Criminals originally from Serbia and Montenegro "control the criminal underground in Australia and have connections with gangs in Colombia, Mexico, and Asia."
Source: B92
This is reported by the Daily Telegraph, which quoted "a lengthy News Corp Australia investigation."
According to this, one of the biggest narco-cartel in the world is led by criminals from the Balkans, immigrants from the former Yugoslavia, notorious crime figures that in the 1990s "who once controlled Kings Cross’ Golden Mile but have now formed offshore bases in Montenegro, Spain and Holland to move the drugs, guns and cash about."
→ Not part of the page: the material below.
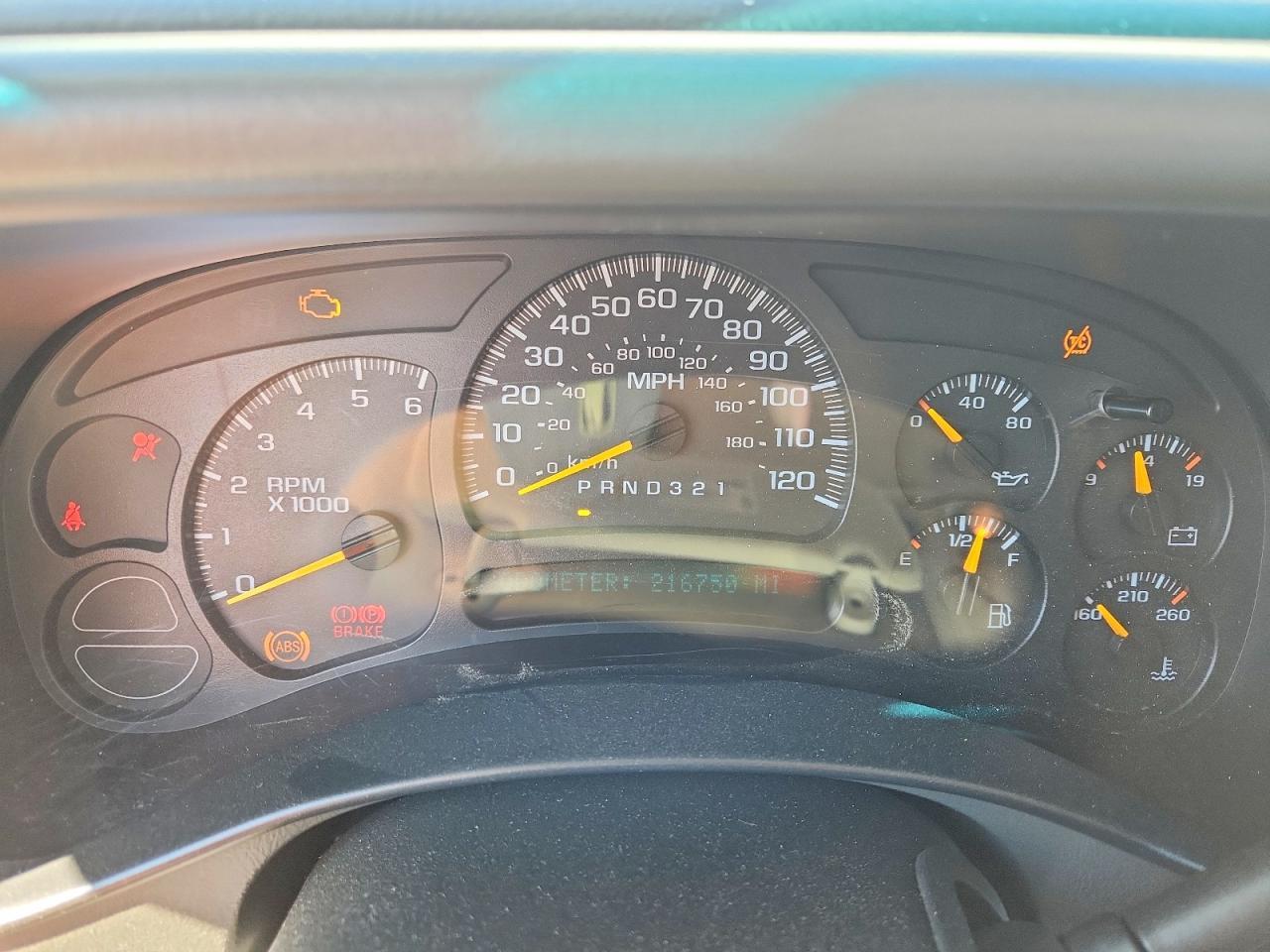 2006 Chevrolet Avalanche K1500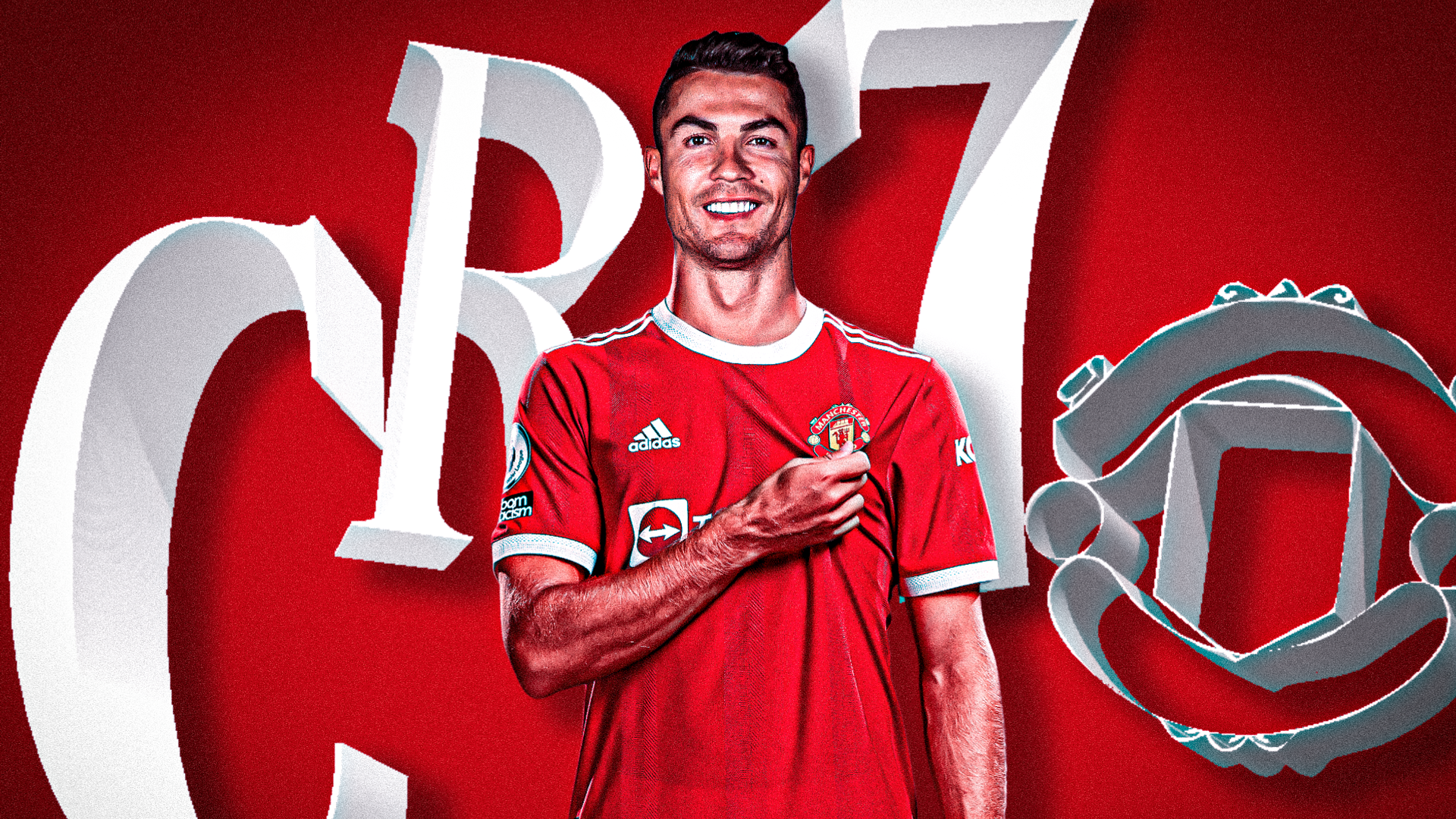 Cristiano Ronaldo debut: Watch free match highlights of Man Utd vs Newcastle with Sky Sports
According to the paper, they left crime and Australia during the last decade and returned to the Balkans, but have now "carefully planned their return" and operate a global criminal network.

According to the article, drugs are brought and distributed in Australia through local motorcycle gangs, while the cartel is now "activating its sleepers" in the second and third generation of Australian criminals.

A police official said that this criminal organization was the greatest threat to Australia thanks to its firm basis, discipline and influence in local communities.

"Those families are described as being either direct relatives or from well-established and historical Mafia-like clans from the former Yugoslavian states who moved to Australia in the second migration wave from the Balkan region in the 1980s and 1990s in state-sponsored infiltration of Australia by the former regimen of Serbian Slobodan Milosevic," reported the paper.

The article went on to say that some of the criminals believed to have withdrawn in the 1990s returned to head the cartels from their bases in Serbia and Montenegro. According to this, "the mostly Australian nationals run group, led by former Kings Cross identity Vaso Ulic who left Australia in 2005 never to return."

The paper said that the network brings at least six tons of drugs, cocaine and ecstasy, to Australia each year.

It added that "it has been confirmed the prosecution's office in Montenegro has an extensive file on Ulic and other figures in the country as part of an international arrest warrant to break the cartel up," but that "while no extradition treaty exists with Montenegro, both police there and in Serbia have been actively working with AFP agents to establish if the source of the global crime was perpetrated locally and therefore the arrest warrants can be pursued and prosecuted locally."

The same report said that the drugs are smuggled from South America to Europe, China, and Nigeria.